The mule could not go under the tacuba and he refused to climb over. We had neither hatchet, axe, nor cutlass, and the rain was pouring down in sheets. Sam was carrying the lantern, and we made futile attempts to start a fire by means of kerosene, but everything was so sodden and it was raining so hard that even when a fire was started the flames were extinguished in an instant.
For hour after hour we waited, cold, wet, hungry, and miserable, each moment expecting the Indians to arrive with axes and machetes, until finally, at 10 p.m. deciding they had camped for the night, we tethered the source of our troubles in the bush and started forward on foot. It was fortunate for us that we had the lantern, for by its flickering gleams we managed to avoid breaking our necks on fallen trees and limbs, and succeeded in keeping to the road without tumbling into the river or the ravines which bordered the path.
Never have four miles stretched into such an interminable distance. At last we heard the yelping of dogs and caught the gleam of a fire, and knew we had reached Towakaima. The dogs and fires were in a tiny Indian logi, or camp, and, passing this, we clambered up the steps of the Government rest-house and threw ourselves down in the welcome shelter of the gallery.
We had had nothing to eat since daybreak, we were chilled and wet through, we were utterly exhausted, and all our provisions, dry clothes, and hammocks were with the Indians somewhere on the road.
Stripping off our wet garments, we dried them slowly over the lantern, and then prepared to sleep upon the bare floor. Hardly had we settled down when a voice called out of the inky darkness, and in response to our reply a light gleamed in a hitherto invisible shack, and presently arrived a black man. He proved to be the Government caretaker and the sole representative of law, order, and civilization in the district, and to us he proved a friend indeed. In a few moments he had provided us with clean, dry garments, blankets, and hammocks, and then busied himself preparing a welcome, if simple, meal.
Our troubles were over for the night, and soon after daybreak the Indian carriers arrived, and with them the accursed mule.
It appeared as if good luck was with me after all, however, for Shepard, the warden, told me there were a number of Caribs camping near, and that they were all going up the Barima to a grand Cassiri feast and dance. The dance, it seemed, was a very important affair, and was being held as part of the ceremonies attendant upon deserting a camp where a woman had died two months previously.
Most of the Guiana Indians desert their homes or villages when one of their number dies, the body being buried in the hut of the deceased; but the Caribs go a step farther, and, burying their dead in their provision fields, abandon crops, fields, and village after two months' time, and celebrate the occasion by a feast and dance as a sort of farewell to the spirit of the departed.
Shepard also told me that he had been expecting us since the day before our arrival, as some of the Caribs had told him a white man was coming to take them to the war. This advance notice of my movements puzzled me, for no one had passed us on the road and no word had been sent ahead. Later, I discovered that the Caribs have a marvellously perfect method of signalling by means of blasts upon a large fresh-water shell used as a horn, and that my departure from Arekaka had been signalled to Towakaima, twenty-nine miles distant. As the noise produced by blasts on the shell is not audible for more than a few miles, I have no doubt that the message was relayed from one Indian to another, for there are numerous individuals and families dwelling in the bush between the two settlements.

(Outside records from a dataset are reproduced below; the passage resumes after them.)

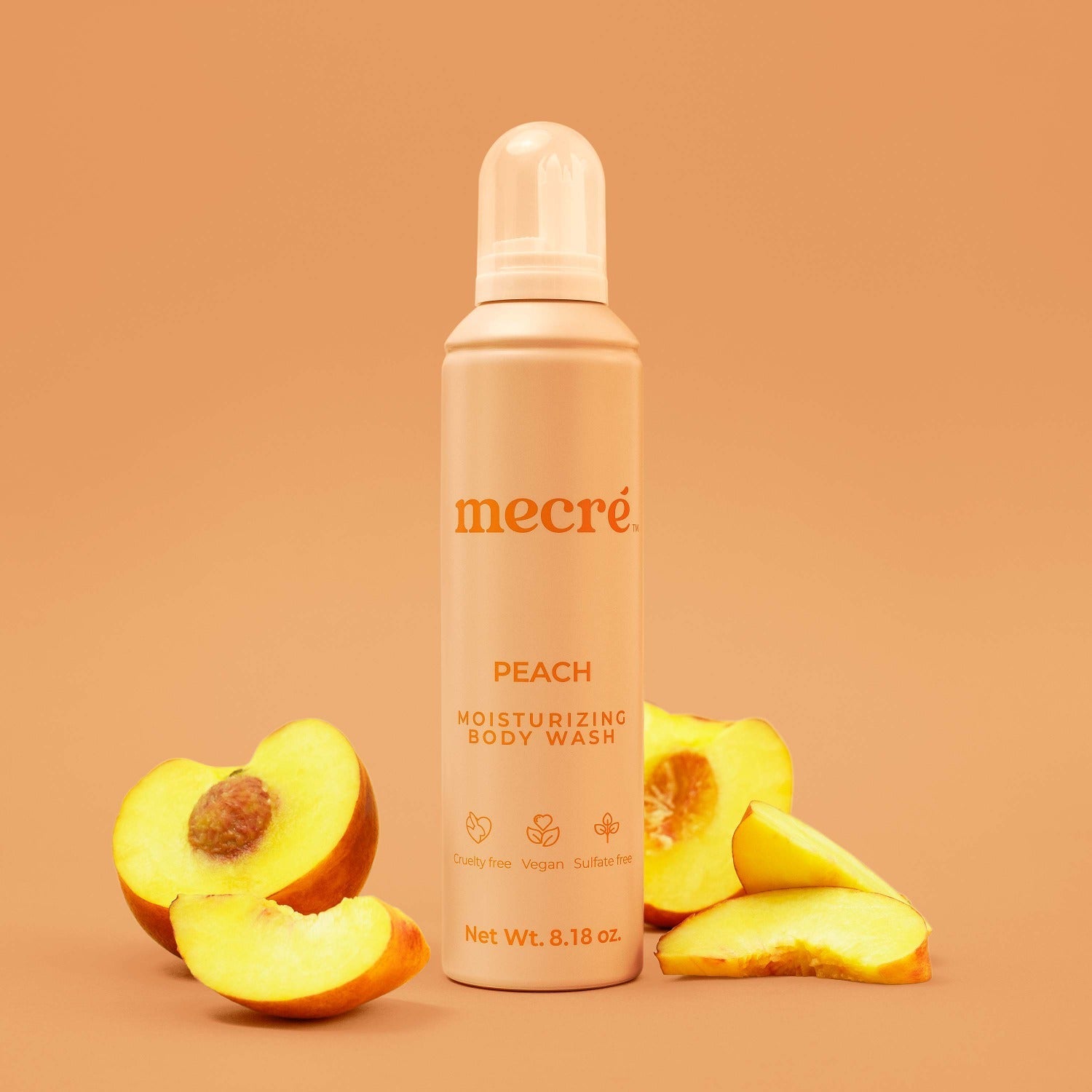 Mecré moisturizing body wash peach-scented bottle surrounded by peaches.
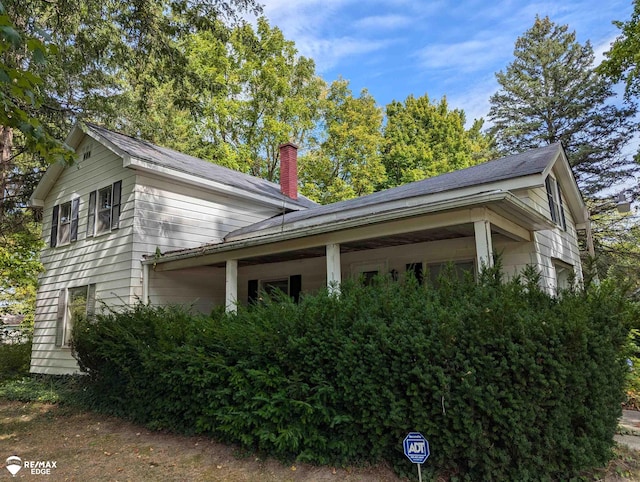 view of home's exterior featuring covered porch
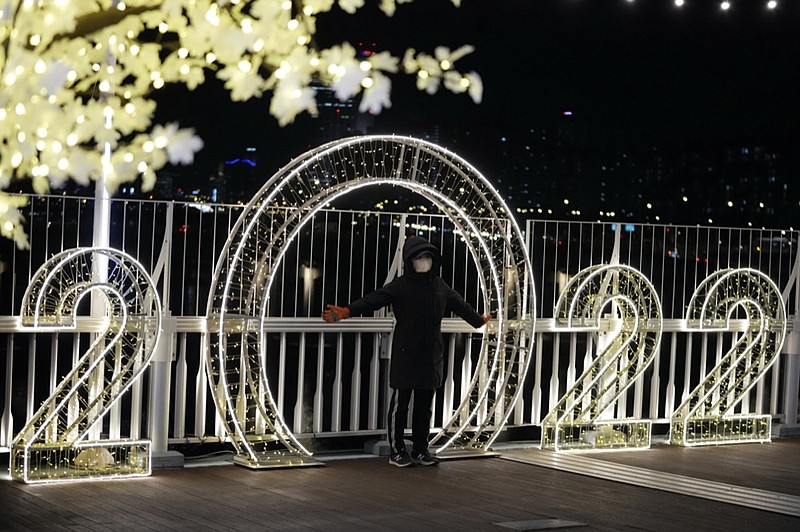 A visitor wearing a face mask poses for a photo in front of an illuminated decorations on New Year's Eve in Seoul, South Korea, Friday, Dec. 31, 2021. (AP Photo/Lee Jin-man)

The explanation of the Caribs' belief that I was coming to carry them to the war proved somewhat humorous. It appeared that in their wireless code there was no provision made for signals meaning I was studying Indians and collecting specimens, the nearest approach being a signal denoting “catch," and as the Caribs could see no other reason for an armed white man "catching" Indians, they assumed it was to conscript them.
While Shepard was telling me of the forthcoming dance, several Carib women passed down the trail, on their way to the river for their morning bath, and at Shepard's call three of them approached the house, followed by a couple of men
They were fine-looking people and far superior to the other Guiana aborigines in physical development and features. In colour they were clear brownish-yellow, much lighter in tint than the other tribes, and there was little of the Mongolian in their faces. One very old woman was naked save for a lap or breech-clout of blue cotton, but the other girls and women were all clad in single skirt-like garments, suspended over one shoulder. These I afterwards learned are donned only when near the settlements, or when walking through the bush, the women at other times wearing only their cotton breech-cloths. Around their necks were immense coils of beads, and their legs were decorated with fringed and cotton bands woven tightly about the limb. All had their lower lips pierced and carried pins in the aperture, and as they chatted they would slip these pins out and in their lips by means of their tongues in a most remarkable manner. The men were naked with the exception of long fringed and beaded laps held in place with woven cotton belts, and all were armed with long, powerful bows and arrows, while several carried lances or javelins of Etah-palm tipped with ten-inch steel heads.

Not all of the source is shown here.